How would I go about doing this? (The symmetries are x-axis, y-axis, origin, and line y=x) - please use my first exercise as an example:

y = x^4 - 2x^2

Thanks!

Answer 1

For axis-symmetry, simply allow the "other" variable to transform from itself to (minus-itself).

In other words:

If you want to test whether a function is symmetric about the y-axis, simply transform x to -x and see if you get the same expression:

ynew = (-x)^4 - 2*(-x)^2 = (x)^4 - 2*(x)^2 = yold

Since "ynew" and yold" are the same, the function is symmetric about the y-axis.

If one wants to find if something is symmetric about the origin, simply change BOTH x and y to -x and -y simultaneously.

Finally, if one wants to find if something is symmetric about the line y = x then simply change each x into a y and each y into an x, again simultaneously.

In all cases, if you can transform it in this way and the resulting expression can be found to be identical to the original, the function is said to be symmetric in that way.

Answer 2

If a graph is symmetric across the x-axis, then for every (x, y) on the graph (x, -y) is also on the graph.
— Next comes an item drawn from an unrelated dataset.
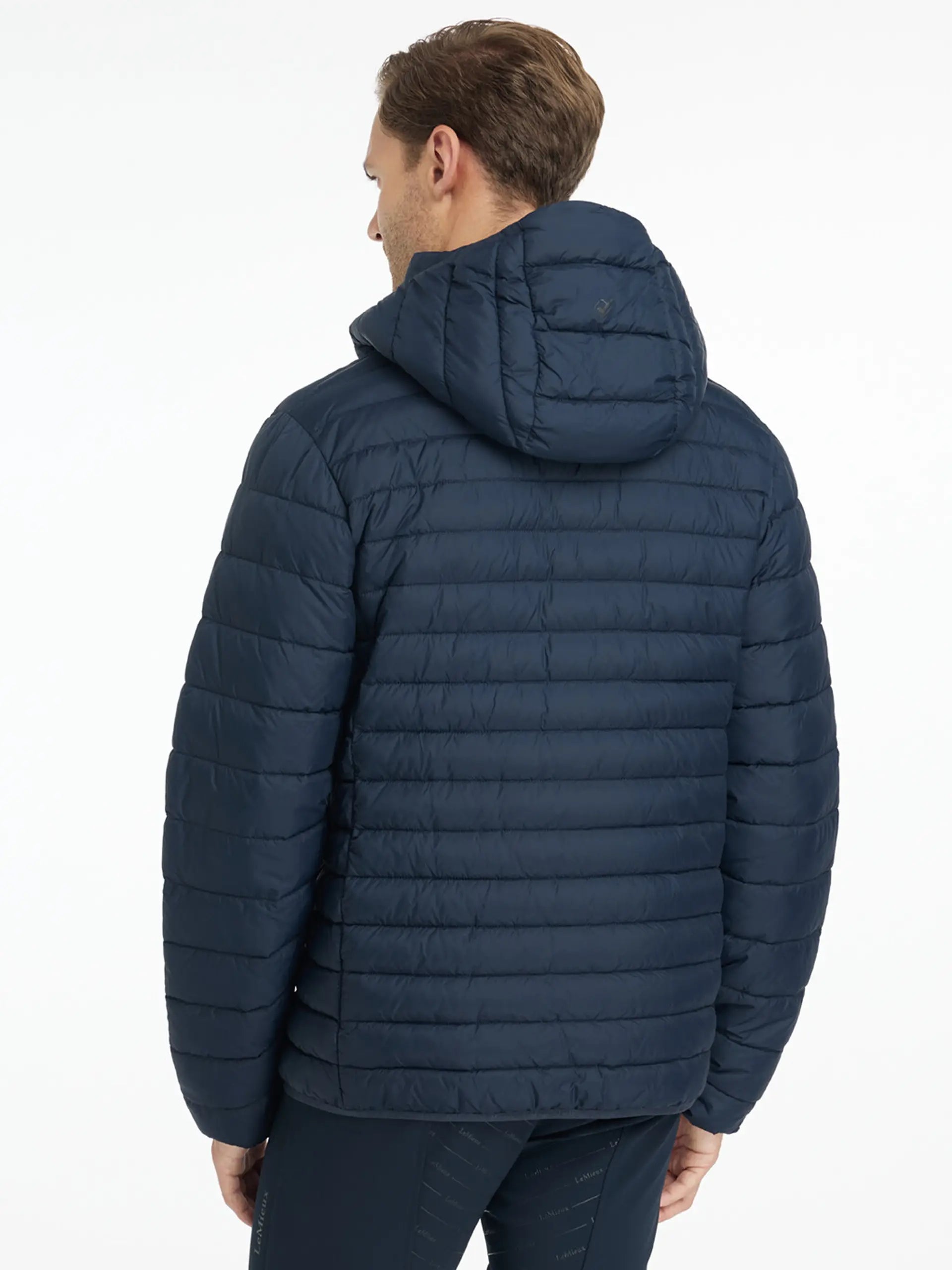 LEMIEUX Men's Navy Hooded Puffer Jacket: Water-Resistant, Lightweight, Recyclable Fill. Shop Now!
If it's a graph where y is some function of x, then for any given x, there can only be single value of y. Therefore y = f(x) = 0 is the only function graph that is x-axis symmetric. In your case, y is indeed a non-zero function of x, so it is NOT x-axis symmetric.

If a graph is symmetric around the origin, then for every (x, y) on the graph (-x, -y) is also on the graph. Let's try one: (2, 8) is on the graph; is (-2, -8)? No. So your graphs is not origin symmetric.

If a graph is symmetric across the line for y=x, then for every (x, y) on the graph (y, x) is also on the graph. Let's try one: (2, 8) is on the graph; is (8, 2)? No. So your graphs is not symmetric across y=x.

Of course, I saved the best for last:
If a graph is symmetric across the y-axis, then for every (x, y) on the graph (-x, y) is also on the graph. Let's try one: (2, 8) is on the graph; is (-2, 8)? Yes! In fact, a graph where y is a function of x and f(x) = f(-x) for all x is symmetric about the y-axis.

In fact, when y is a polynomial function of x...
- if only even powers of x (including constants) have non-zero coefficients, it's symmetric about the y-axis.
- if only odd powers of x have non-zero coefficients, it's symmetric about the origin.

Is it possible for a graph to have all four of these kinds of symmetry? Sure. A circle centered at the origin is just one example.

Answer 3

If f(x)=f(-x) then f(x) is symmetric to the y-axis.
Notice that f(x)=x^4-2x^2 is the same if x is replaced by -x

If -f(x) = f(-x), then f(x) is symmetric with respect to the origin.

If f(x) is reflected across the line y=x then the reflection is the inverse of f(x).

If f(x) remains the same when y is replaced by -y, then f(x) is symmetric to the x-axis.

Answer 4

x-axis :

for any x you will have two values for y only the sign differ.

y-axis:
+x and -x results in the same y-value. ( that is the case with your example )

rest is way too difficult for me.

i think that symetric in the origin implies that you will also have symmetry in x-axis and y-axis. and vice versa symmetry in x and y axis implies symetric in origin.